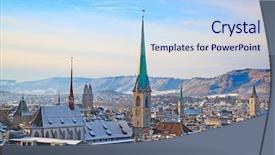  Presentation with snow storm city parks - Theme having center and famous zurich church background and a light blue colored foreground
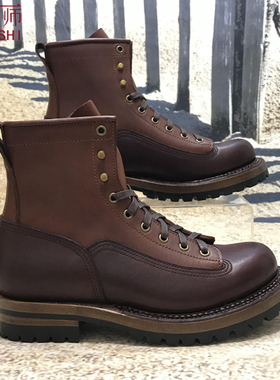 左大师1605-1-2G手工皮鞋男高配手工定制非redwing红翼短脸工装靴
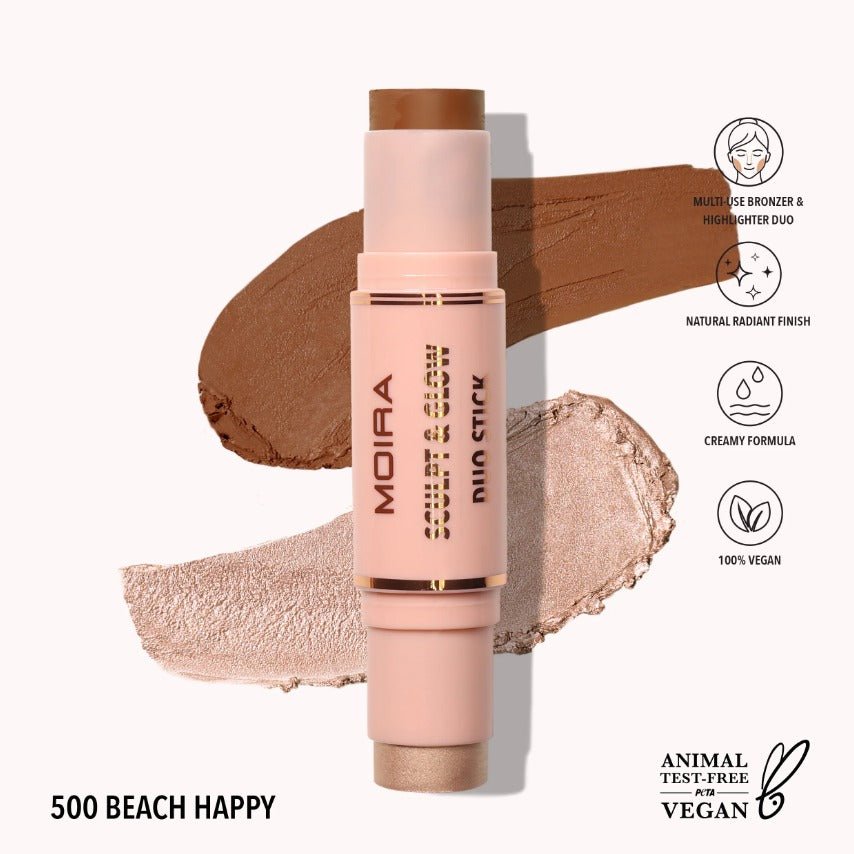Glamour Us_Moira_Makeup_Sculpt &amp; Glow Duo Stick_Beach Happy_SGDS500 The best affordable Latina and Mexican makeup, beauty and cosmetics supply store in Chula Vista, San Diego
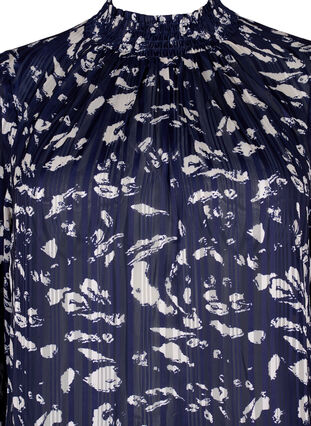 Kuosillinen pusero rypytyksellä, Blue Leaf AOP, Packshot image number 2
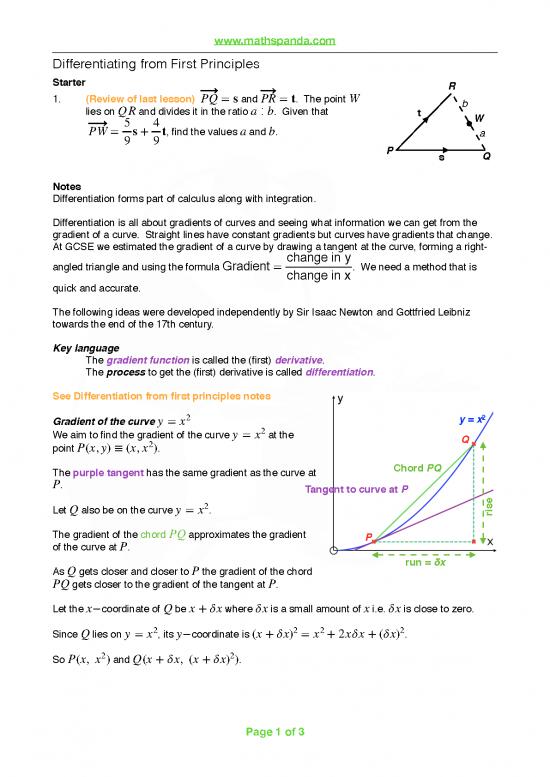 picture Calculus Pdf 170579 | Differentiating From First Principles Lesson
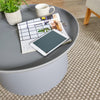 Side Table 70cm Round PP Anti UV Grey Living Home Furniture Lamp Coffee Seconds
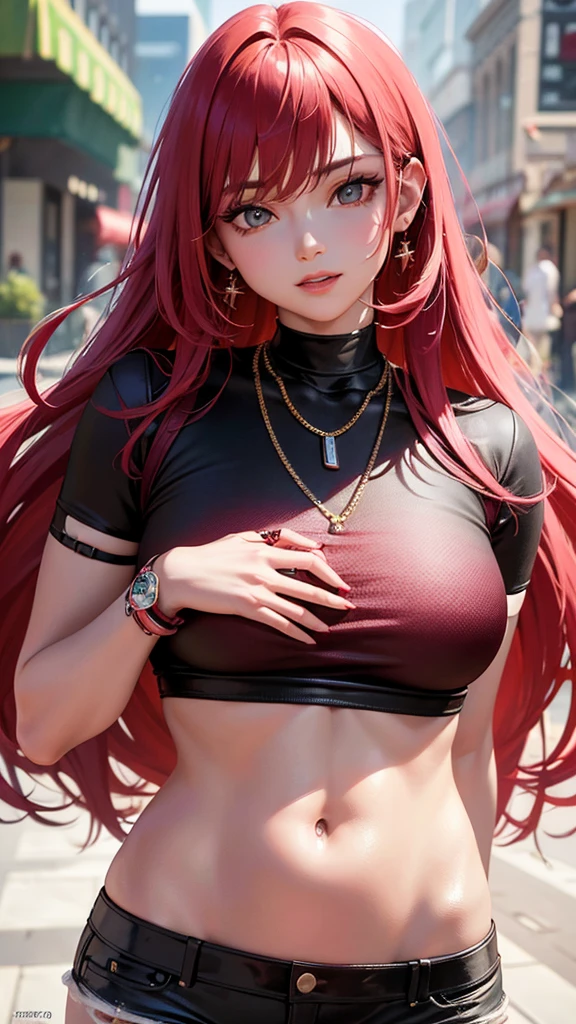 A beautiful girl with long hair in shades of red, pink, white and black, with bangs, wearing tragus piercings and one lobe and one hilux earring, eyes with a good mood, red sexy lips, wearing a short t-shirt and short pants, left hand with a diamond bracelet, right hand with one diamond ring,(best quality,4k,8k,highres,masterpiece:1.2),ultra-detailed,(realistic,photorealistic,photo-realistic:1.37),portrait,fashion,intricate details,vibrant colors,dramatic lighting
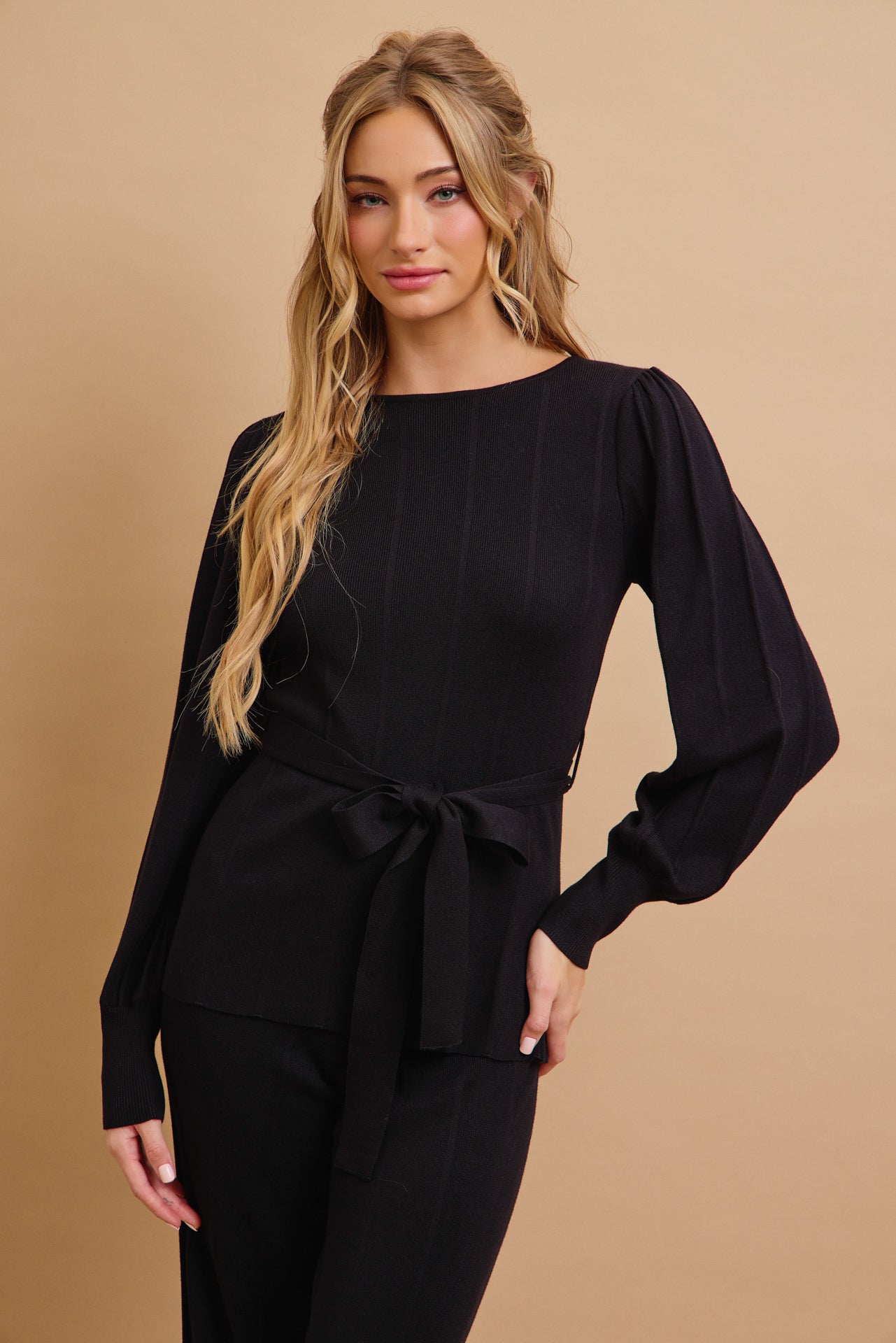 Knit Long Sleeve Top with Waist Tie and Pants Set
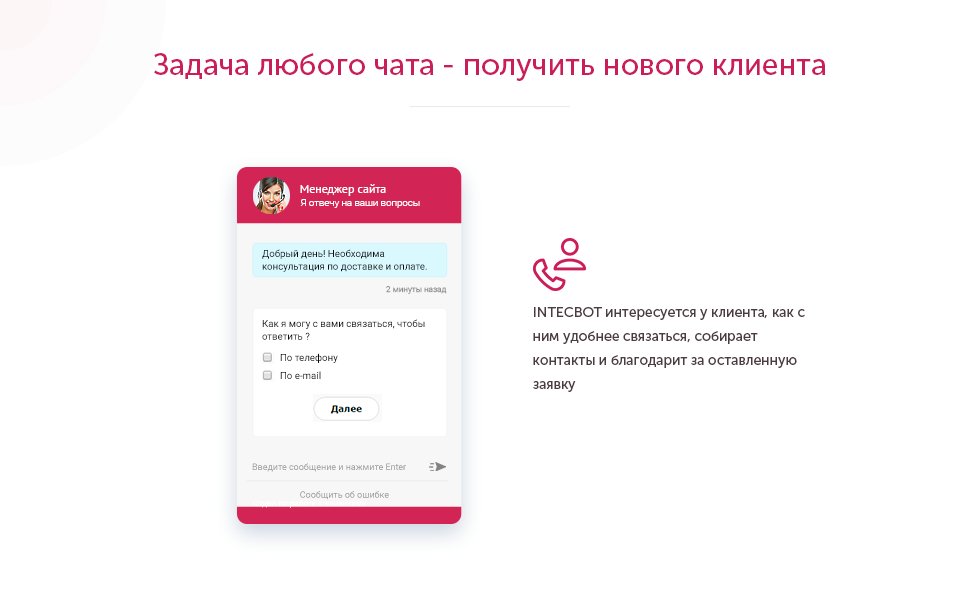 INTECBOT - Чат бот для сайта. Ловец лидов.  Роботизированный онлайн-консультант. — скриншот 4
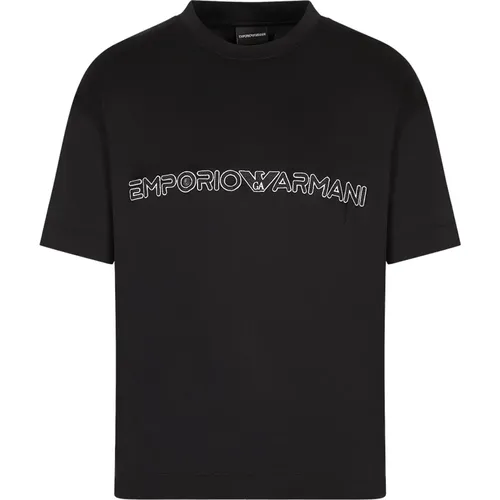Tencel Men`s Comfort Fit T-shirt with Logo Patch , male, Sizes: XL - Emporio Armani - Modalova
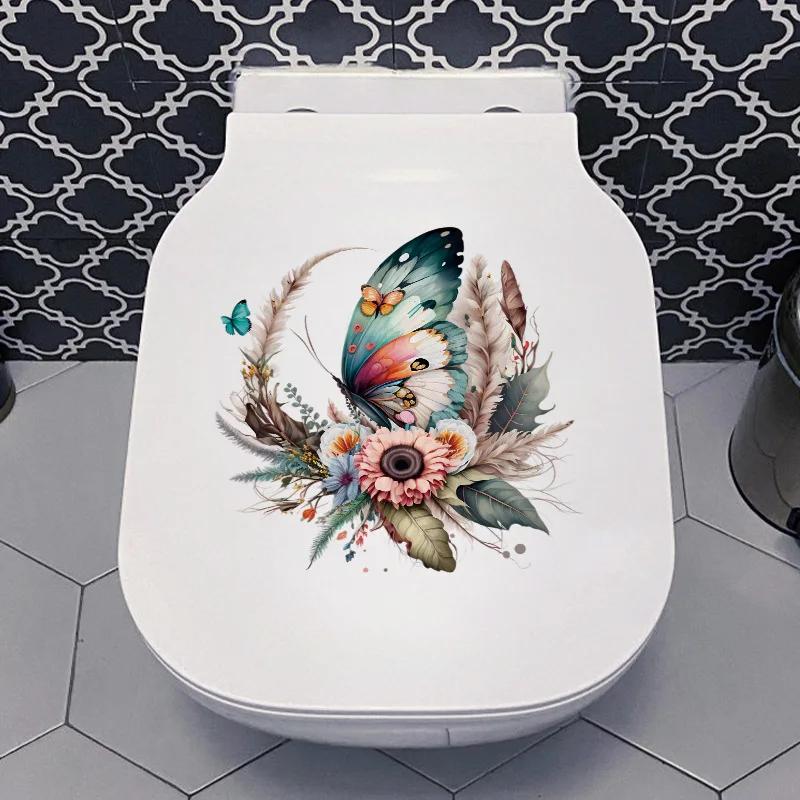 1 Stück Badezimmer Blume Toilette Kunst Wandaufkleber DIY Abnehmbar Schmetterling Wanddekale Selbstklebend Wandtapete Haus Schlafzimmer Dekor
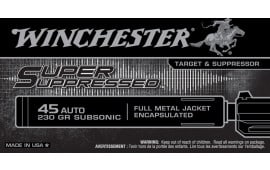 Winchester Ammo SUP45 Super Suppressed 45 ACP 230 GR Full Metal Jacket - 50rd Box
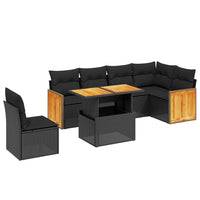 Set Divani da Giardino con Cuscini 7pz Nero Polyrattancod mxl 92390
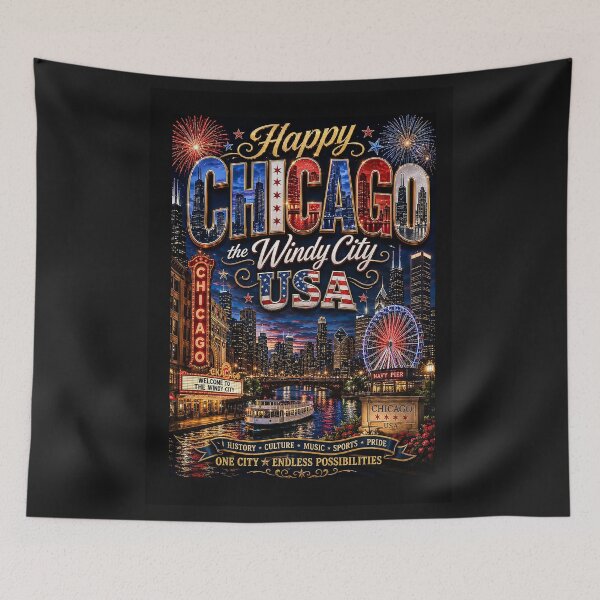Item preview, Happy Chicago the Windy City USA -Celebrating the Spirit of Chicago designed and sold by DBM Photo Art 1.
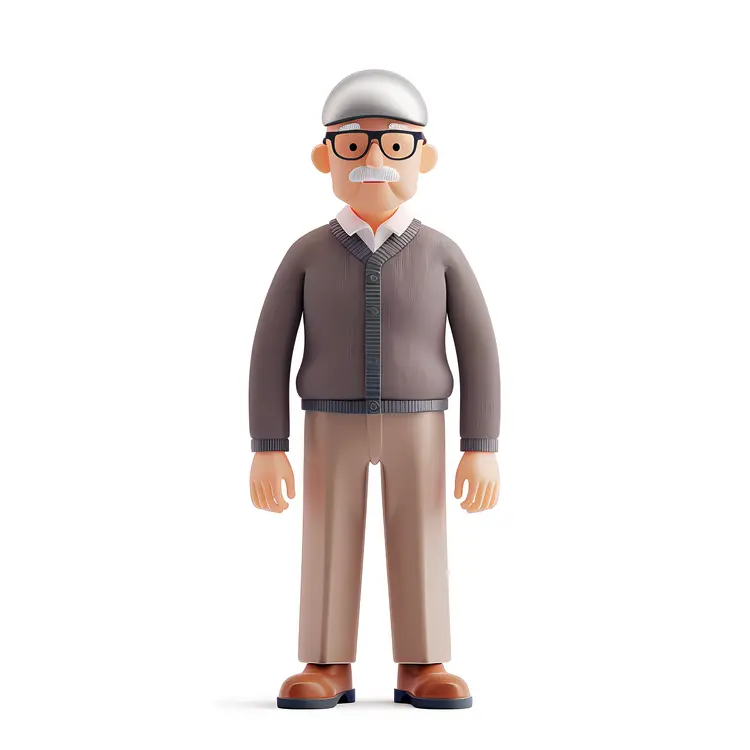 Serious Elderly Man with Glasses in Cartoon Style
────────────────────────────────────────
◆ **YOUR OBJECTIVE**
Take the material above from the line containing "Glamour Us_Moira_Makeup_Sculpt &amp;" up to and including the line containing "Side Table 70cm" and retype it exactly, without any pictures.

◆ **RESPONSE TO THIS TASK**
Glamour Us_Moira_Makeup_Sculpt &amp; Glow Duo Stick_Beach Happy_SGDS500 The best affordable Latina and Mexican makeup, beauty and cosmetics supply store in Chula Vista, San Diego
 Kuosillinen pusero rypytyksellä, Blue Leaf AOP, Packshot image number 2
 picture Calculus Pdf 170579 | Differentiating From First Principles Lesson
 Side Table 70cm Round PP Anti UV Grey Living Home Furniture Lamp Coffee Seconds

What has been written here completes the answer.